One point of contention concerned whether multi-family was zoned out because it was poorly designed or because it was associated with poor people, immigrants, black Americans, etc. Everybody (but me) had the right, simple answer: the latter, or the desire to exclude.

Yes, but no.

In life, you can’t separate the two. You can’t. By design, multi-family is different to begin with–it’s multi-family–and at a fundamental level, the issue has nothing to do with veneers or forms or setbacks. It has to do with the systematic elevation of the white nuclear family and the attendant zoning and housing practices that both grew from that and came to reinforce it. Our social and material (built environment) lives are of a piece. One way to read more about it might be to look up this criminally undercited collection of essays:

Urban Planning and the African American Community In the Shadows June Manning Thomas Marsha Ritzdorf 9780803972346 Amazon com Books

And in it, this piece here: Silver, Christopher. “The Racial Origins of Zoning in American Cities.”

You also want to look at some Dolores Hayden, Gail Dubrow. I’m missing some younger scholars of color here. Wake me up and send me some to read and highlight here if you have time.

As structures like race, class, and gender took specific spatial forms and ideologies in the US, the single family home–and increased, mass production of them that allowed greater access to prestige goods–zoning helped codify exclusion that was already well-established in American society.

So yeah, it wouldn’t have mattered if the multi-family buildings were nice to begin with because by definition: those people live like that, and those people are bad, and thus we should keep them over there, and over there is where they are so those places are ugly and bad, no matter what those places actually look like.

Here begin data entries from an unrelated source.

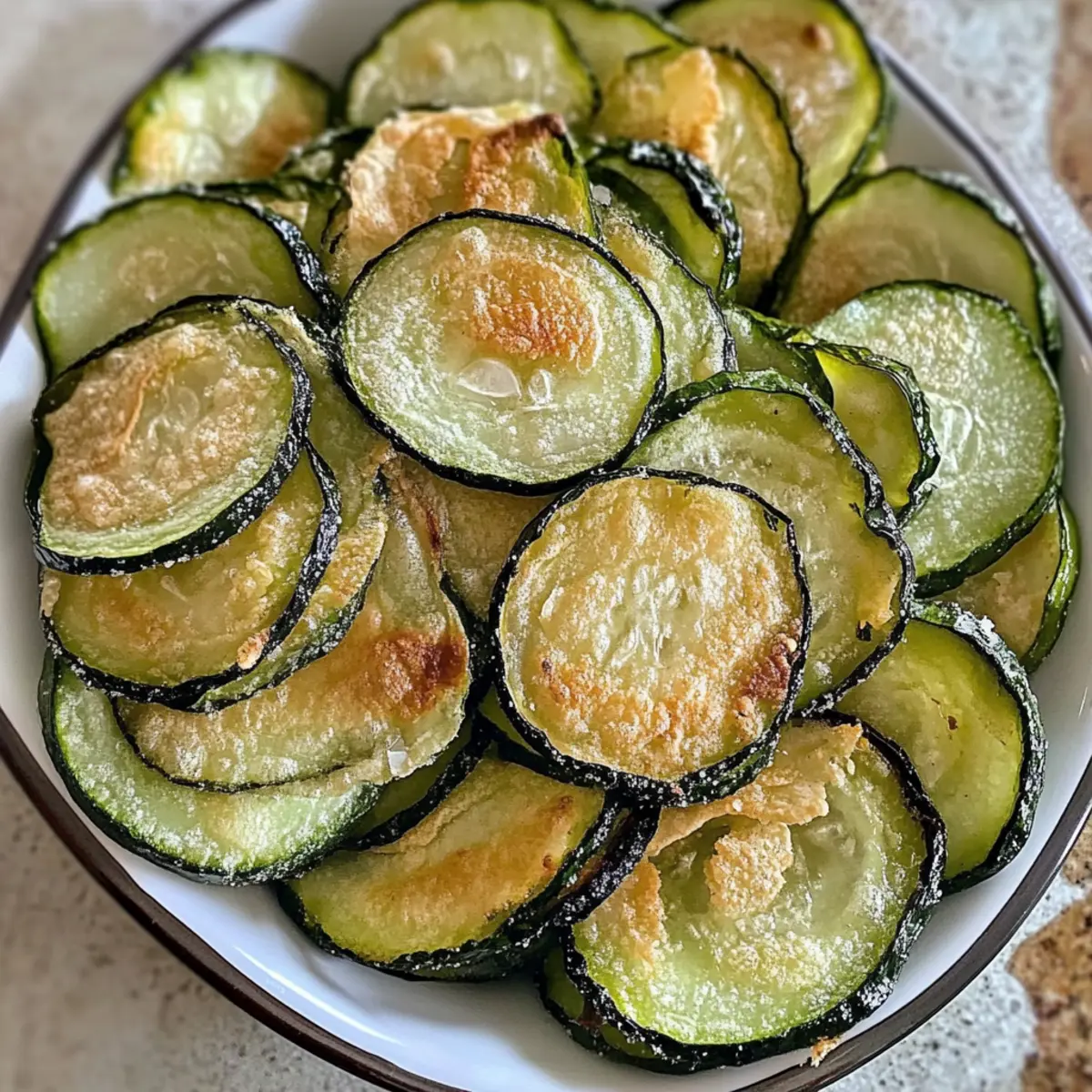 Gebratene Gurkenchips mit Salz- und Essiggeschmack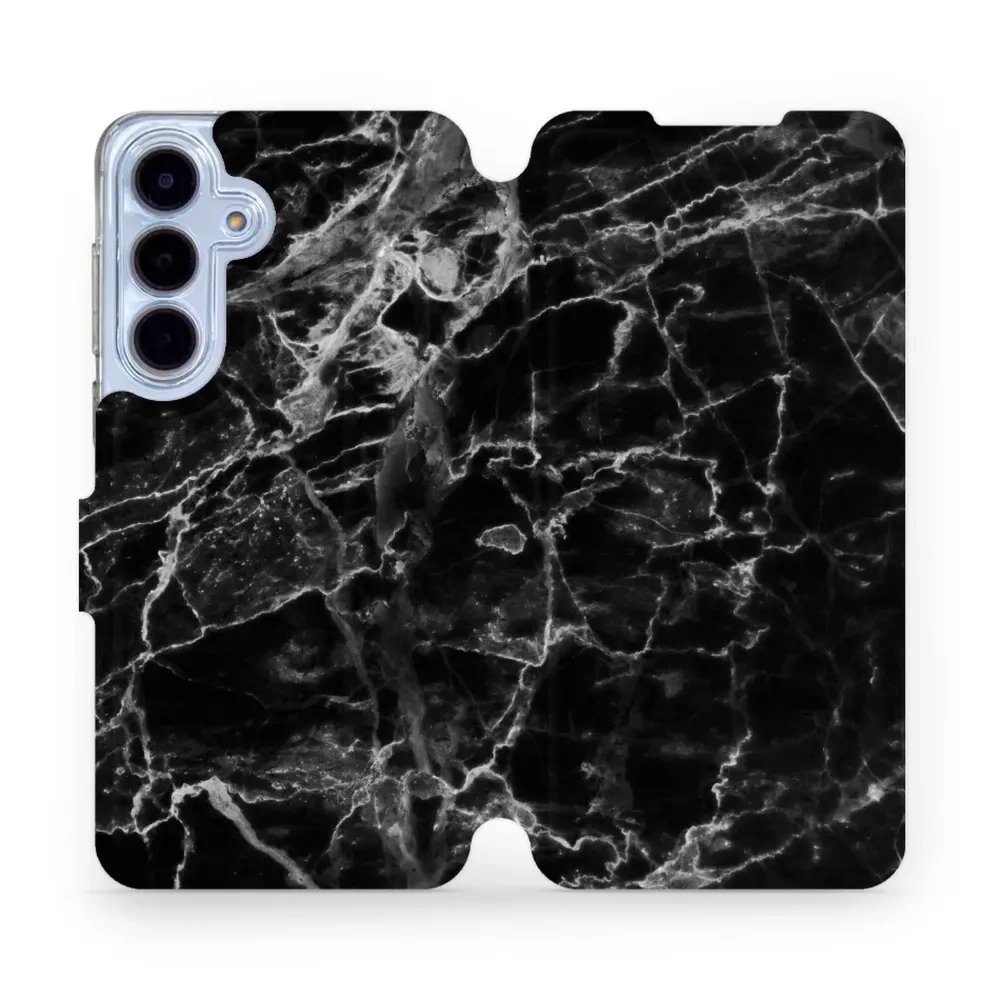 Etui z klapką do Galaxy S25 FE, Mobiwear Book, czarny marmur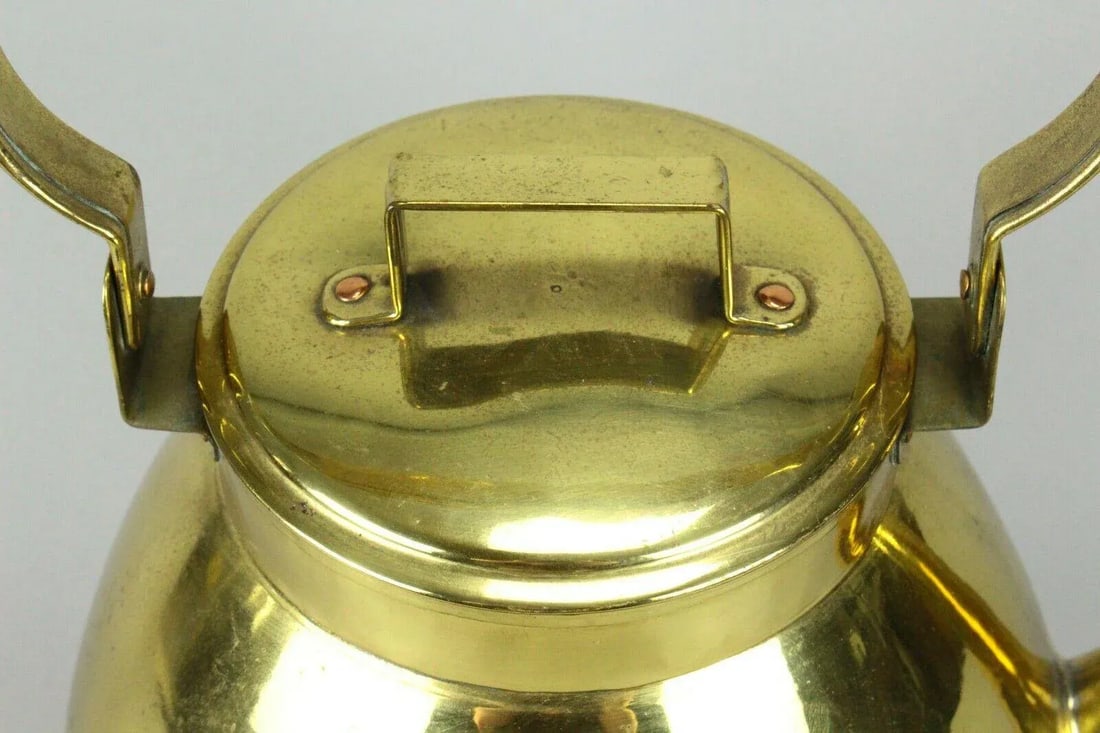 1800s X-Large Brass Tea Coffee Kettle Community Teapot English - 5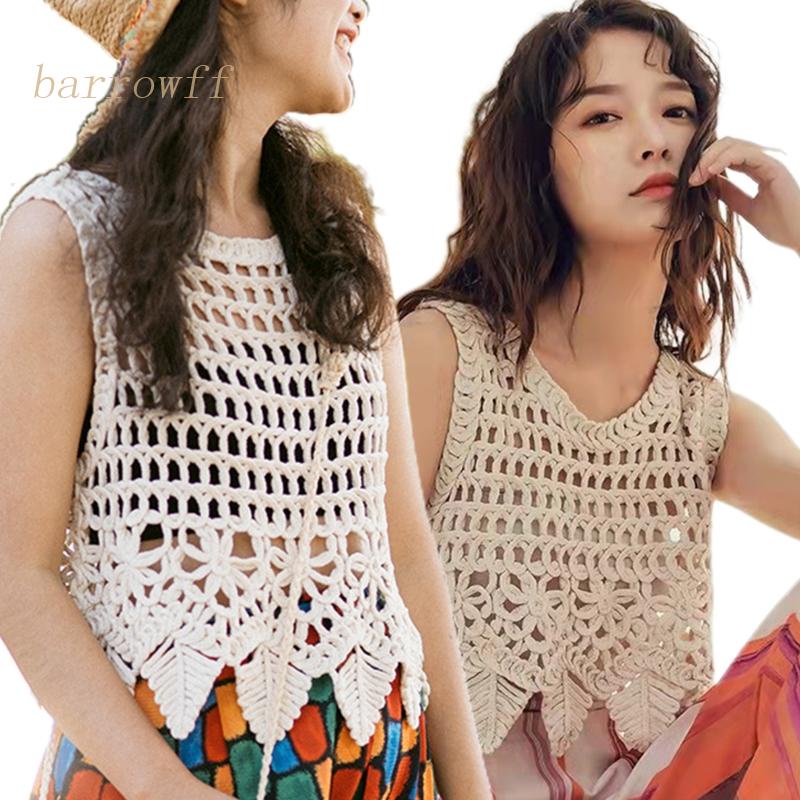 Brroa Áo Croptop Dệt Kim Không Tay Viền Lá Rỗng Thời Trang Đi Biển Cho Nữ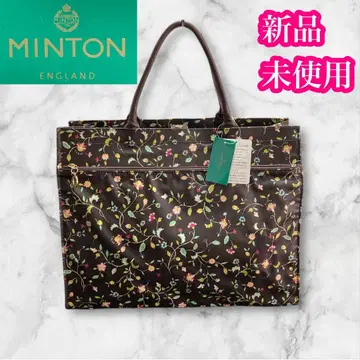 민턴 미사용 새상품 토트백 꽃무늬 올 패턴 브라운 가로형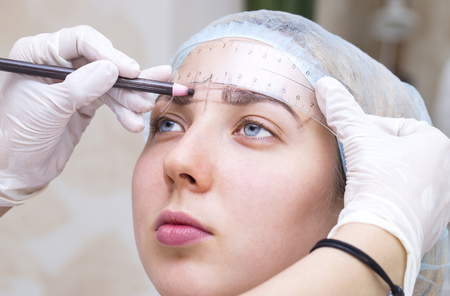 Mikrobleyding eyebrows workflow in a beauty salonの写真素材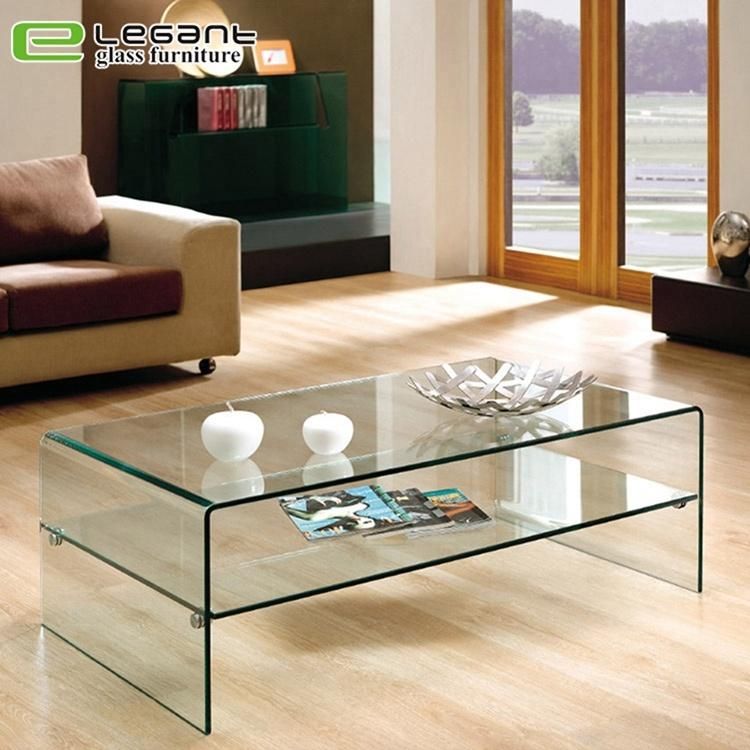Square Transparent Glass Coffee Table Modern Design Glass Center Table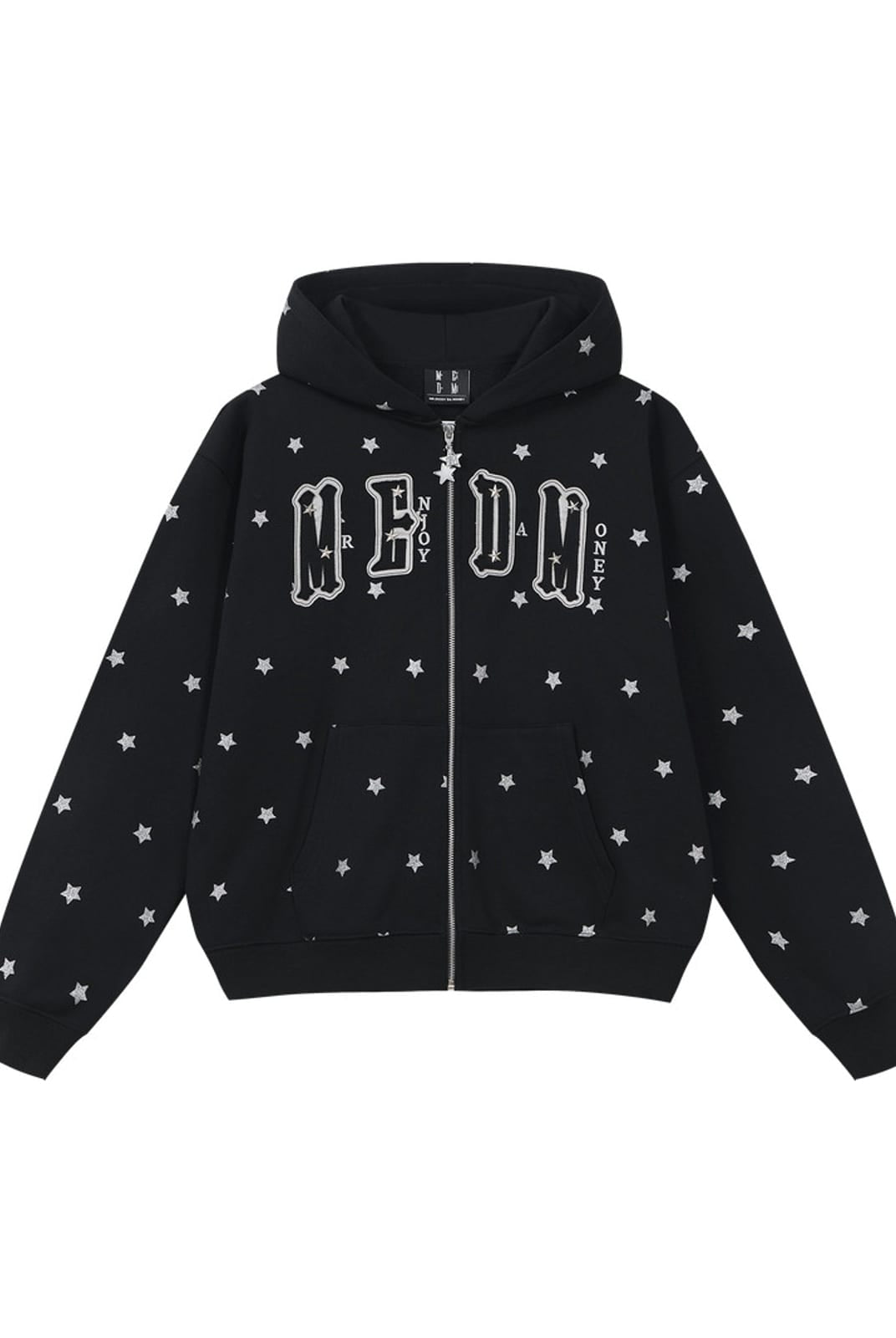 MEDM Fleece Lined Star Print Zip Hoodie in Black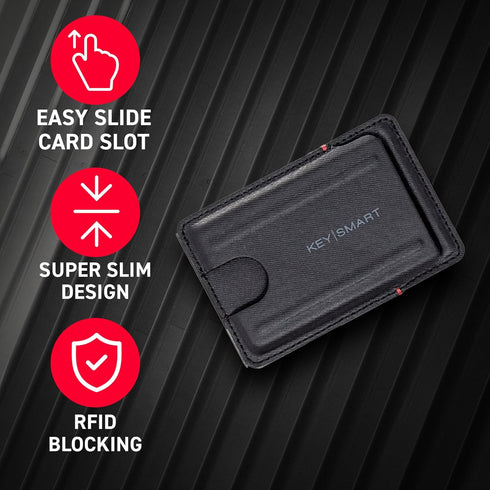 KeySmart Minimalist Wallet For Men - Credit Card Holder & RFID Blocking Wallet For Men - TecTuff Leather Easy Slide Slots - Compact & Lightweight ...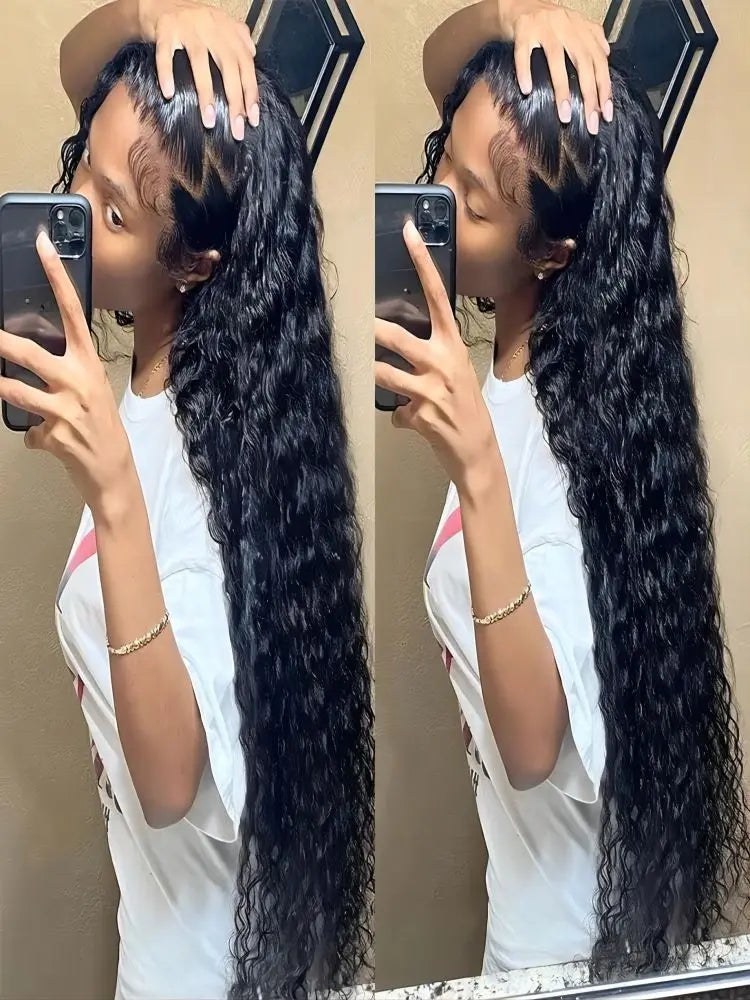 40–46 Inch Deep Wave Lace Front Wig | 200% Remy 13x4 13x6 360 HD Lace Human Hair for Black Women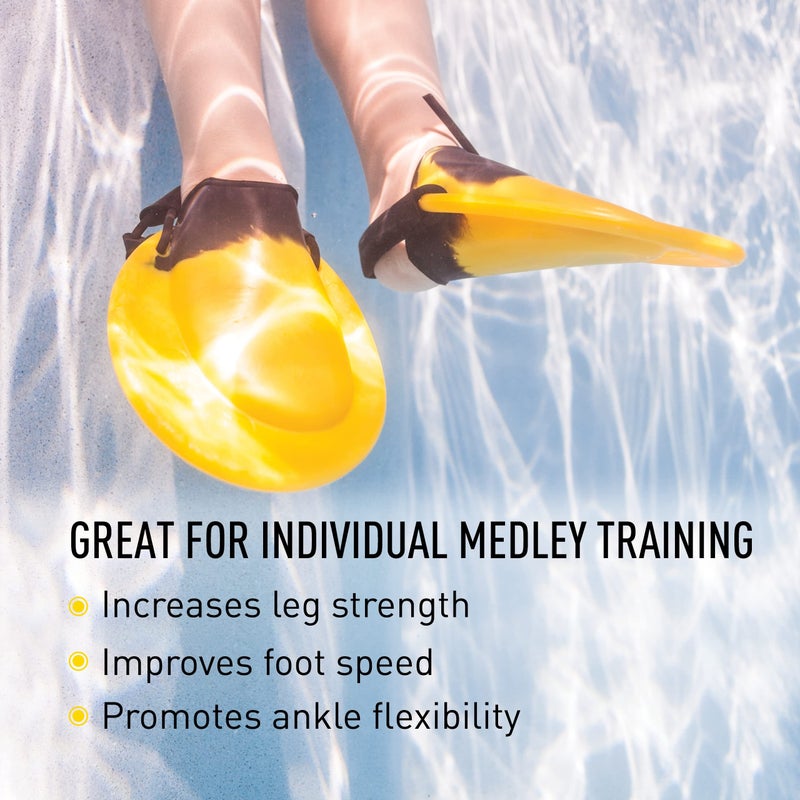 FINIS Positive Drive Swim Fins for All Four Strokes - Ergonomic Fit - Adjustable Heel Strap - Yellow - X-Small - Image 3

The story, however, does not end there, and we in 21st century Trump America have to deal with the next 70+ years of that cycle of stigmatization becoming even more entrenched in the cultural psyche, and in the built environment as the cycle of thinking above led to another cycle:

those people are bad and poor; bad and poor people live in bad and poor and ugly places, and oh, we’re building something for the poor so they’ll just ruin it/it will be bad anyway/if they get better they won’t work their way out to better so let’s just build/approve any clapped up shit because it doesn’t matter but I guess they have to live somewhere so there

So to recap, there are a) great multi-family buildings out there, in lots of places, not just Manhattan, that are ascribed with stigmatized characteristics and thus judged through racist and classist aesthetic lenses, as well as b) individuals relegated to low-quality buildings because of the same stigma becoming reality over time.

Breaking that cycle of stigma has not proven easy, but it strikes me as really, really important. First of all, people who are impoverished or oppressed deserve good, comfortable city spaces, too, and they deserve to have the spaces they create treated with respect both culturally and aesthetically. And second of all, anything less than building pretty darn nice with multifamily infill now adds fuel to the NIMBY fire, aided and abetted by American racial and class biases to begin with.

And all bad design contributes to uncomfortable, unpleasant city spaces we don’t want and can’t afford if we want infill to accomplish what we say it’s going to (environmental changes). Not every place has to be uniquely beautifully and preciously wrought. It just has to be comfortable, something that will grow and stitch into a place over time as it changes the place and the place changes it. That doesn’t sound very ambitious, but it’s hard enough.